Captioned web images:
* * * * *

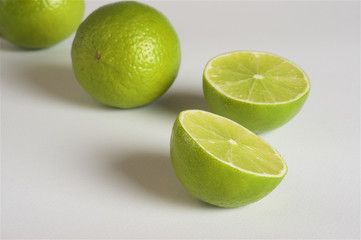 Lime, white background
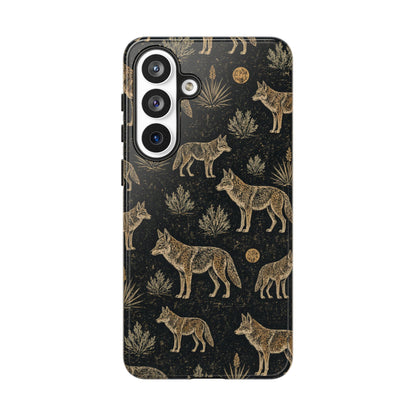 Moonlit Coyote Tough Case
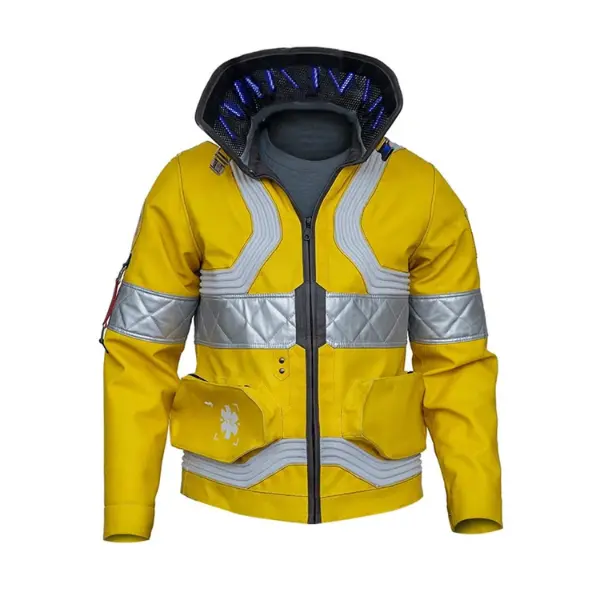 Ox and Bulls Handmade Edge-runners David Martinez Neon Jacket 20-77 David Cosplay Costume Casual Vegan Leather Jacket Menswear Zipper Coats  Personalized Shirt Underwear Tops
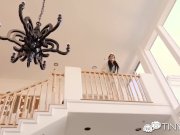Tiny4k Petite brunette Adria Rae tied up fantasy fetish fuck 1/16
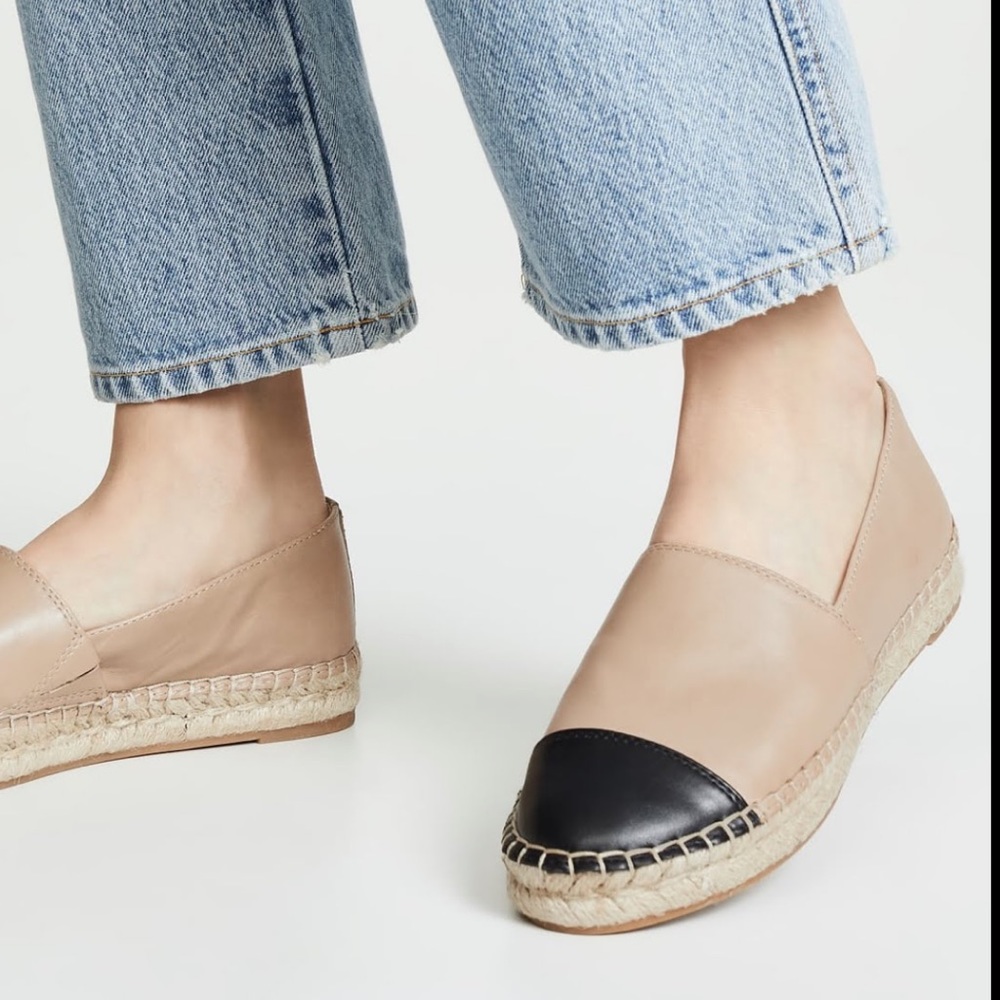 Sam Edelman Krissy Espadrilles (Black/Tan)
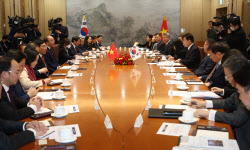 [포토]회담하는 김진표-응우옌 쑤언 푹                                                                                                                                                                    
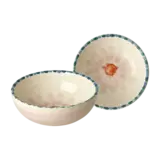 Rice Ceramic Bowl - Pink Flower - Soft Pink Rice Ceramic Bowl - Pink Flower - Soft Pink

* * * * *

• [GOAL OF THE EXERCISE]:
Each entry above should be reproduced exactly, with the pictures removed.

• [YOUR SOLUTION]:
 Lime, white background
 Moonlit Coyote Tough Case
 Ox and Bulls Handmade Edge-runners David Martinez Neon Jacket 20-77 David Cosplay Costume Casual Vegan Leather Jacket Menswear Zipper Coats  Personalized Shirt Underwear Tops
Tiny4k Petite brunette Adria Rae tied up fantasy fetish fuck 1/16
 Sam Edelman Krissy Espadrilles (Black/Tan)
 [포토]회담하는 김진표-응우옌 쑤언 푹                                                                                                                                                                    
 Rice Ceramic Bowl - Pink Flower - Soft Pink Rice Ceramic Bowl - Pink Flower - Soft Pink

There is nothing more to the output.